Looks like this could be a simple modification to Qubes GUI daemon. Of course would have to be opt-in enabled for select VMs only.

sdffgh commented 8 years ago

Unfortunately there is no source code available for the add-on

There is! Chrome Extensions are just are zip files with some added metadata. If we unzip the extension's crx file, all the relevant code is a few lines in js/input.js.

See Tim's comment on https://paul.reviews/behavioral-profiling-the-password-you-cant-change/#comment-2165097313 where he includes a paste of the source code, the discussions below on the choices, and Paul's comment "If you strip away the fundamentals required to make a chrome extension, the code is just 13 lines long".

There is no license mentioned. One of you who knows more about licenses and legality can better decide how to proceed. If it's legal, maybe we could just reconstruct Paul's technique that he described publicly without looking at his code. The javascript basically just adds random delays and other implementation details are only meant to delay the js thread to disrupt timing of keystroke-initiated browser events, but that is unnessary if the delays are introduced outside the VM, and therefore outside the browser. In that case it is sufficient to just add random delays to keystroke times. The tests to confirm that this works against the bank fingerprinting demo are also very simple and can be reproduced if we're not sure that the new code has the same effectiveness as Paul's.

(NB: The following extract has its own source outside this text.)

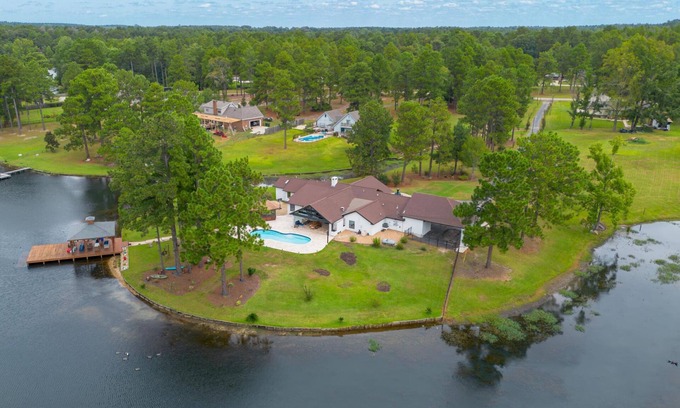Hattiesburg House | Spacious 5-bedroom lake home with WiFi, AC in charming Hattiesburg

adrelanos commented 7 years ago

Related:

iacore commented 2 years ago

A simpler solution to this is to block tracking scripts using an ad blocker, and visit Facebook in separate VM (or don't visit at all).

Maybe running kloak in dom0 as sudo will work.

adrelanos commented 2 years ago

A simpler solution to this is to block tracking scripts using an ad blocker, and visit Facebook in separate VM (or don't visit at all).

Blocking is a denylist approach and will always be a game of whack-a-mole and miss some things. Hence not a reliable approach. And not limited to facebook. I don't know if facebook does this. Could happen anyhwere.

Maybe running kloak in dom0 as sudo will work.

That would work but the kloak would needlessly apply to dom0 and all other VMs too. Since kloak might cause some (and currently even some nasty bugs such as https://github.com/vmonaco/kloak/issues/31) I wouldn't recommend it.

adrelanos commented 1 year ago

Quote https://github.com/QubesOS/qubes-issues/issues/2558

kloak (anti keystroke deanonymization tool) currently cannot be used inside Qubes.

quote @marmarek:

Hmm, I was under impression it expect X server input device, not not Linux kernel input device. Qubes GUI agent do not expose the later. It shouldn't be hard to change that, but still it is some code change. Namely, rewrite this function (feed /dev/uinput instead of X input device).

andrewdavidwong commented 1 year ago

@bluesteal: Please note that the issue tracker (qubes-issues) is not intended to be a place for fielding questions. Instead, we have other venues meant for asking questions, asking for help, and having discussions. (By contrast, the issue tracker is more of a technical tool intended to support our developers in their work.) Thank you for your understanding!